PEP does not offer a way to order negotiation offers, per [9] (i.e. ``only accept A after B'').

3.2 Terminology

This following terms have specific meaning in the context of this document. The HTTP/1.0 specification [3] defines additional useful terms.

bag
In HTTP/1.1 and PEP, a named, unordered list according to the <bag> grammar. Attribute names can either be complete URIs or registered short-names.

connection
("conn") The scope which addresses the next HTTP agent to receive the message.

encoding
("enc") An encoding is a process that read or writes the message (header or body). The Content-Encoding: header is an ordered list of encodings to apply; besides the methods defined in HTTP/1.0, an encoding may refer to a protocol instance's "enc" attribute.

HTTP agent
Any process that communicates according to HTTP. In particular, any process that communicates in HTTP/1.2 or later is expected to be PEP-compliant. ``Agent'' encompasses servers, proxies, caches, and clients.

module
Many protocols will imply complementary processing, which is implemented by a module. A module can be used as a stage of a processing pipeline. A single module can implement several protocols.

negotiation context
To remember what protocols are available between HTTP transactions, protocol offers can be stored into some context, perhaps by session.

optional
("opt") A strength value indicating that the associated protocol is optional. As an attribute of an instance, it means that an agent may elide corresonding processing. As an attribute of an offer, it means that a reply or subsequent request may be created in accordance with this protocol.

origin
("origin") The scope which addresses the opposite endpoint of an HTTP transaction. For a request, it means the origin server; for a reply message, it means the origin client (user). This scope includes proxies trusted to act ``in place of'' the origin.

parameters
("params") A list of values related to the particular instance or offer. Any sub-bags in the list should have registered attributes, and may use differing syntax for negotiation (in offers) and application (in instances). Also referred to as ``parameter configuration''

protocol
A convention for communication between two or more parties relating the syntax, sequence and semantics of the communication between them.

protocol instance
A bag describing the protocol and parameter configuration to which the message conforms.

protocol name
The name of a protocol specification, either a URI or registered name.

protocol offer
A bag describing a protocol and parameter configuration that may/may not be acceptable to the offering agent.

protocol specification
A human-readable document that describes a protocol defining a message, associated semantics, and possible compatibility with other specifications. The specification must be available from the registry or by dereferencing the protocol-name.

registry
IANA shall register Protocol-Extensions: names, header names, encodings, and additional attributes and parameters. An experimental registry can be resolve short-names relative to http://www.w3.org/Registry/PEP/. Unregistered names should be complete URIs.

refused
("ref") A strength value indicating that the associate protocol should not be used. Valid only as an attribute of an offer: a reply or subsequent request must not be created in accordance with this protocol or an equivalent.

required
("req") A strength value indicating that the associated protocol is required. As an attribute of an instance: an agent must not elide corresonding processing. As an attribute of an offer: a reply or subsequent request must be created in accordance with this protocol or an equivalent.

route
("route") The scope which addresses every HTTP agent in a transaction from the current agent to the origin.

scope
("scope") In an HTTP transaction, the set of HTTP agents being addressed: the next hop ("conn"), the subsequent chain ("route"), or the endpoints ("origin").

strength
("str") As an attribute of an instance: whether the recipient may or may not elide processing according to the given protocol. As an attribute of an offer: whether the offering party will require, refuse, or optionally accept the given protocol in a reply or subsequent request.

strip
To strip a protocol instance or offer, an agent must remove the bag describing it, and each of the header fields listed in that bag's header list.

4. Operation

This section is an operational guide to PEP. Section 5 includes a formal presentation of the syntax, status codes, and semantics.

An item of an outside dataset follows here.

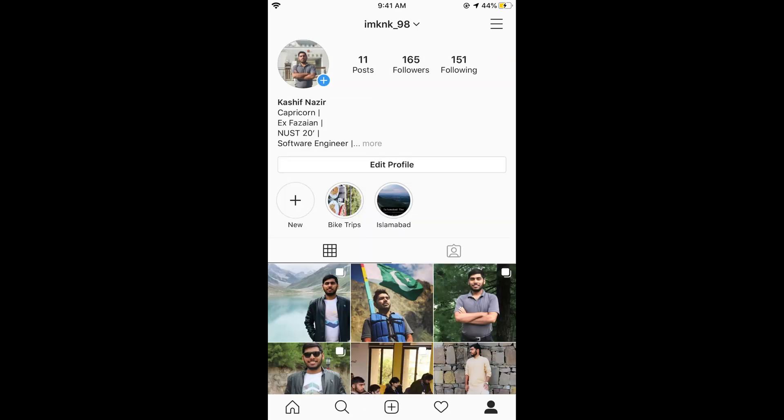So you can simply change to any language on Instagram on iPhone. Hope it helps you — please like, subscribe, and share. Thank you.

When a PEP-capable HTTP agent receives a PEP-enhanced message, it will parse the various headers, store negotiation data away for later use, and decide which protocols to ``invoke'' and, if relaying the messsage, what data to strip from the message. This section covers each of these phases in detail.

4.1 Scenarios

There are a few modes of operation. Here is a quick example where two parties are attempting to use the Foo protocol:

4.2 Interpretation

First, parse each of the three PEP headers: Protocol:, Accept-Protocol:, and Content-Encoding: (General parsing problems flag error 420, Bad Protocol Extension Request).

For each protocol offer and instance, the response will depend on its strength and scope:

Second, select only those which are ``in scope'' (for the origin, everything; otherwise all except "origin").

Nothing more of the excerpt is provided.